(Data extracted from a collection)
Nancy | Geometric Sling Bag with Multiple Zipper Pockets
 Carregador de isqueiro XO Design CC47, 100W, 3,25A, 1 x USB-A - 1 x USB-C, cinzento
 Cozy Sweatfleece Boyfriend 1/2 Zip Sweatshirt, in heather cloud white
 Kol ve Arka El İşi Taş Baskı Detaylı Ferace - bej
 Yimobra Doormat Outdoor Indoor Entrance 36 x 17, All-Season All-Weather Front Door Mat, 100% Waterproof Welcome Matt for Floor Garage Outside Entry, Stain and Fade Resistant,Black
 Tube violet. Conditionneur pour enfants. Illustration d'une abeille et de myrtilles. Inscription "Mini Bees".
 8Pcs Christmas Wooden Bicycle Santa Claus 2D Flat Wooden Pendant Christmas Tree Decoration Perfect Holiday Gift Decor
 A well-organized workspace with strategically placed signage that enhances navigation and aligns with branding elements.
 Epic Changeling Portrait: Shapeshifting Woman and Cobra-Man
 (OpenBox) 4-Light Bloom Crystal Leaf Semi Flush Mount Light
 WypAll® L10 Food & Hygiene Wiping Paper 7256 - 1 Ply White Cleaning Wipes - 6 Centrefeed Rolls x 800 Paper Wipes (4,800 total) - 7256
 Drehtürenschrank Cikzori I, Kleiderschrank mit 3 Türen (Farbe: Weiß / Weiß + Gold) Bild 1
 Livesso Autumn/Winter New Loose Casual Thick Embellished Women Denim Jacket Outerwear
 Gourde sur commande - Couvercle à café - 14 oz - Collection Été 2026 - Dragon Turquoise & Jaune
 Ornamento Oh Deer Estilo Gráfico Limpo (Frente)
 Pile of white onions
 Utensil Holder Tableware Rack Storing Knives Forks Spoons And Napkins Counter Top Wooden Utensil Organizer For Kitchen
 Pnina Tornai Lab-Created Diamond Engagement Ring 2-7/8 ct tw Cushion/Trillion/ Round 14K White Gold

* **What is needed**
The required answer is the exact run of lines above starting at the line with "8Pcs Christmas Wooden" and ending at the line with "A well-organized workspace", with both ends present.

* **Solution to the problem**
 8Pcs Christmas Wooden Bicycle Santa Claus 2D Flat Wooden Pendant Christmas Tree Decoration Perfect Holiday Gift Decor
 A well-organized workspace with strategically placed signage that enhances navigation and aligns with branding elements.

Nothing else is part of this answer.